Velocity Reviews - Computer Hardware Reviews

Velocity Reviews > Newsgroups > Programming > Python > RE: r'\' - python parser bug?

Reply
Thread Tools

RE: r'\' - python parser bug?

 
 
Tim Peters
Guest
Posts: n/a
 
      05-24-2004
[Konstantin Veretennicov]
> ActivePython 2.3.2 Build 232
> >>> '\\'

> '\\'
> >>> r'\'

> File "<stdin>", line 1
> r'\'
> ^
> SyntaxError: EOL while scanning single-quoted string
>
> Is this a known issue?


Yes, and a documented one: an r-string cannot end with an odd number of
backslashes. Note that your first expression ('\\') did create a string
with a single backslash, although the repr of that string may have fooled
you into thinking you got two backslashes.

>>> '\\'

'\\'
>>> len('\\')

1
>>> print '\\'

\
>>>


> Should i submit a bug report to development?


Nope: it's not a bug, and won't change.



 
Reply With Quote
 
 
 
 
Konstantin Veretennicov
Guest
Posts: n/a
 
      05-25-2004
"Tim Peters" <(E-Mail Removed)> wrote in message news:<(E-Mail Removed)>...

> > Should i submit a bug report to development?

>
> Nope: it's not a bug, and won't change.

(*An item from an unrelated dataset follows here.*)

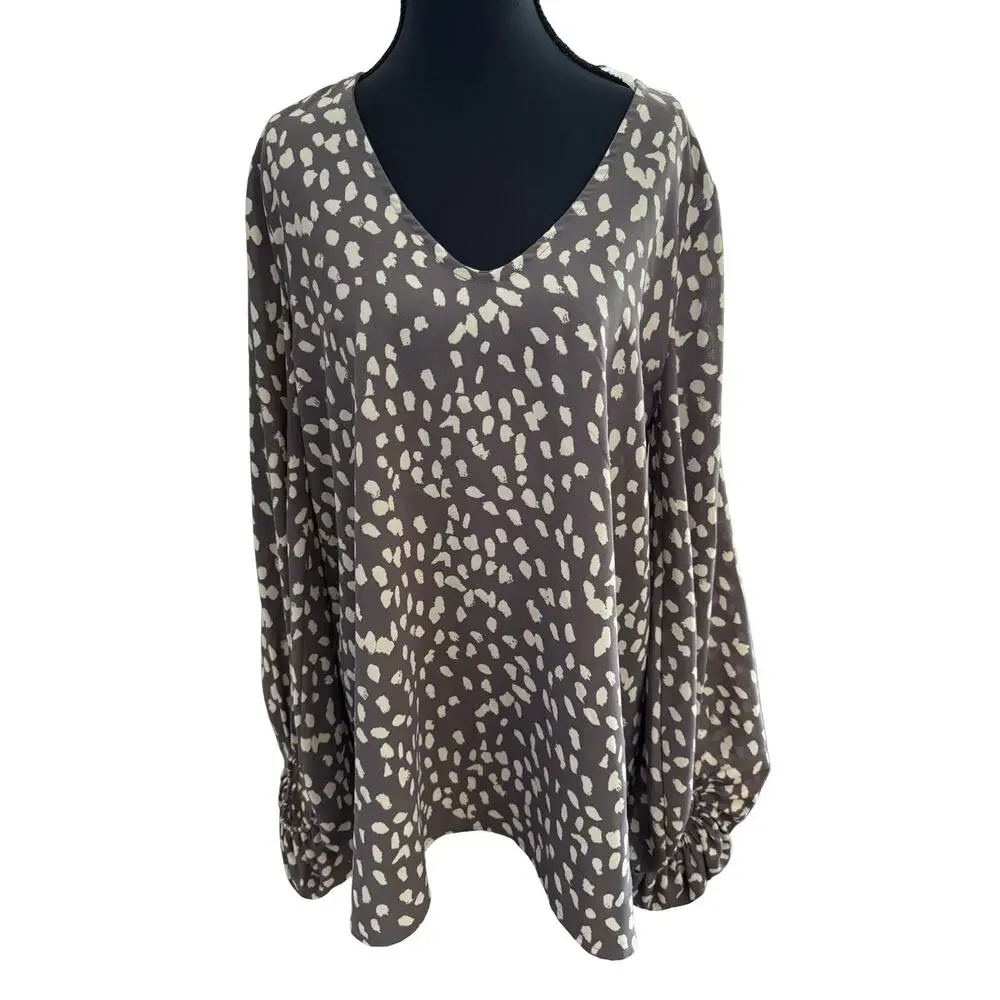 Flowy Beautiful Gray Cream Balloon Sleeve Blouse‎ by 143 Story by Line up Sz Sm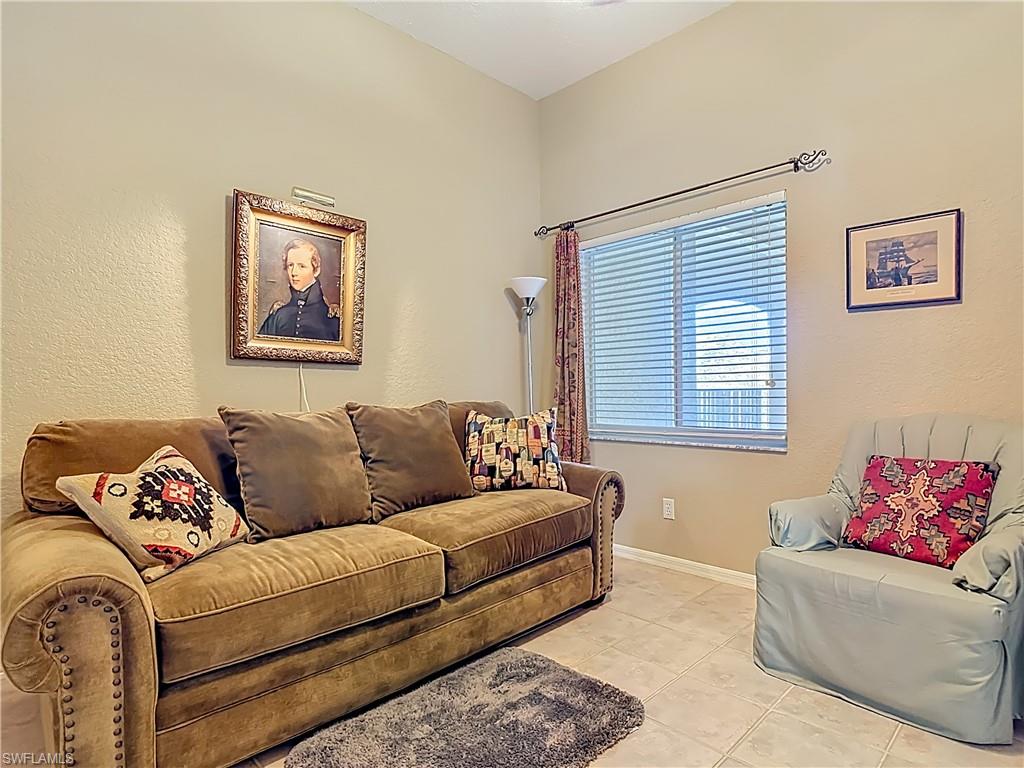 226011527 Property Photo 17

Ok. Does it mean i'm not encouraged to even try inventing a patch?
It won't break anything, or will it? I agree we can live without r'\',
but are there any reasons *against* r'\'?

- kv
 
Reply With Quote
 
 
 
 
Fredrik Lundh
Guest
Posts: n/a
 
      05-25-2004
Tim Peters wrote:

> Yup. Right now all tools (including Python itself) that scan over strings
> in Python source can (and usually do) treat backslashes identically, whether
> in loops or in regexps.


Or in other words, the point here is that the prefix flag (u, r, whatever) doesn't
affect how a string literal is *parsed*. When the parser sees a backslash inside
a string literal, it always skips the next character. There's no separate grammar
for "raw string literals".

</F>




 
Reply With Quote
 
Fuzzyman
Guest
Posts: n/a
 
      05-26-2004
"Fredrik Lundh" <(E-Mail Removed)> wrote in message news:<(E-Mail Removed)>...
> Tim Peters wrote:
>
> > Yup. Right now all tools (including Python itself) that scan over strings
> > in Python source can (and usually do) treat backslashes identically, whether
> > in loops or in regexps.

>
> Or in other words, the point here is that the prefix flag (u, r, whatever) doesn't
> affect how a string literal is *parsed*. When the parser sees a backslash inside
> a string literal, it always skips the next character. There's no separate grammar
> for "raw string literals".
>
> </F>



Wrong, surely ?

>>> print '\\'

\
>>> print r'\\'

\\
>>> print r'c:\subdir\'

SyntaxError: EOL while scanning single-quoted string
>>>


> When the parser sees a backslash inside
> a string literal, it always skips the next character.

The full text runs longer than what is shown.